P.-S. : à près de dix ans d’écart, ce panoramique de Mélo paraît faire écho à l’admirable panoramique de 360° dans l’épilogue de Providence, celui-là solaire et apaisé, et néanmoins chargé de mélancolie.


Mercredi 5 mars 2014 | Dans les mirettes | Aucun commentaire


Des documentaires sur l’imaginaire


Alain Resnais à Montréal en 1989. Photo : Bertrand Carrière.

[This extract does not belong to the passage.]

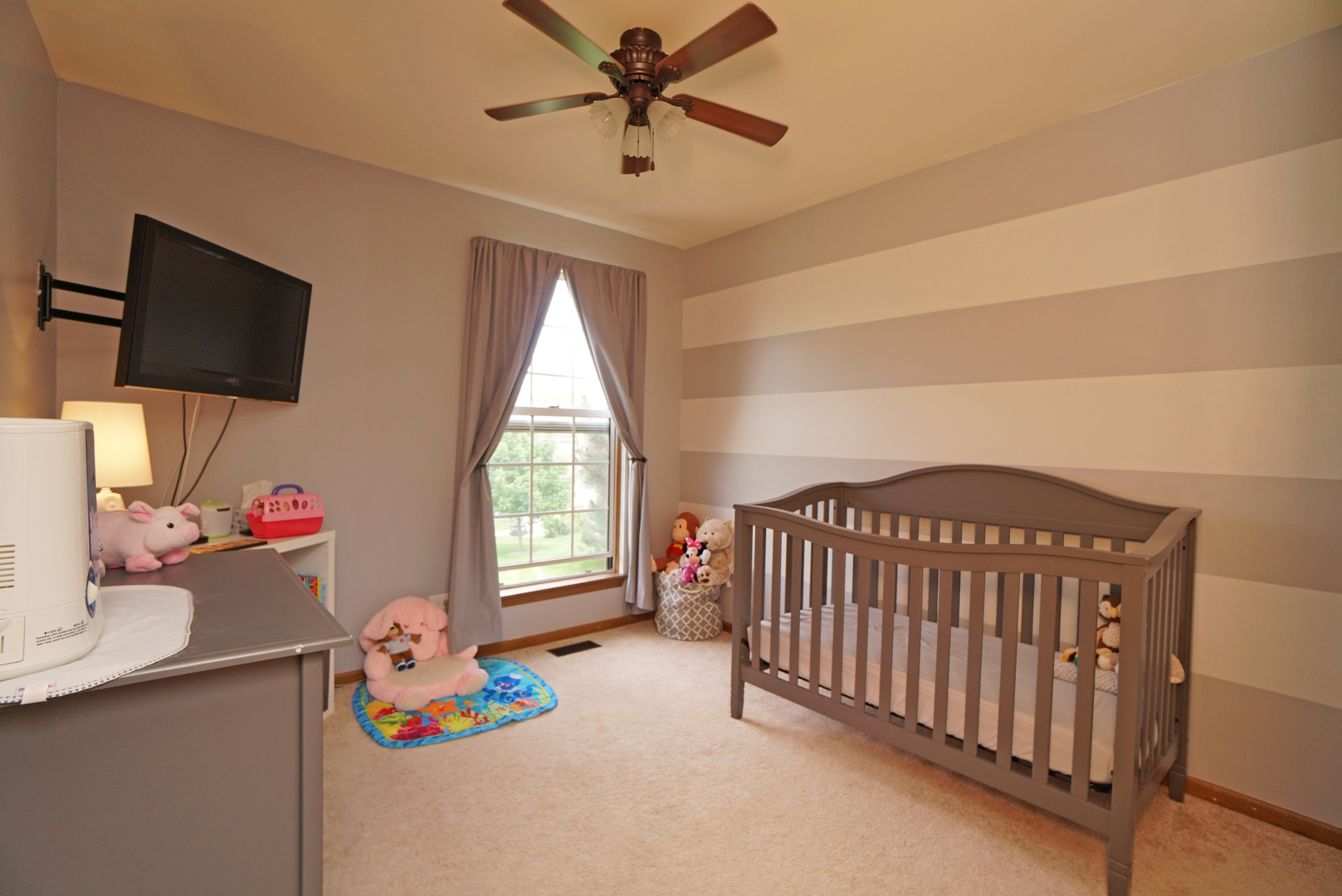 23 North Oltendorf Road Streamwood, IL 60107 - Photo 24 of 35 a bedroom with furniture a flat screen tv and a window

Je serais bien content en effet s’il pouvait y avoir une influence de la comédie musicale, de la musique tout court, sur mon travail.
Pourquoi suis-je complètement séduit par cette forme du musical, aussi bien au théâtre qu’au cinéma ? C’est peut-être que j’aime bien, quand je suis au spectacle, qu’on me montre du spectacle. Qu’on me dise : « Ce n’est pas la vie quotidienne que je montre, ce sont des acteurs maquillés qui sont sur un écran, sur une scène. On n’essaie pas de vous faire croire que c’est la réalité de tous les jours, c’est de l’imaginaire. » Ce point de vue est poussé à son maximum dans la comédie musicale. S’il y a une chose qu’on ne voit pas dans la vie quotidienne, c’est bien deux personnes en train de s’exprimer par le chant. C’est un phénomène si irrationnel qu’on se demande même comment l’idée en est venue. […] On ne peut pas pousser plus loin le manque de naturel. Je trouve ça très stimulant. Mais les raisons profondes de ce plaisir, je ne les connais pas. Ce que j’aime bien dans le cinéma, c’est que c’est un art impur qui mélange des tas de choses.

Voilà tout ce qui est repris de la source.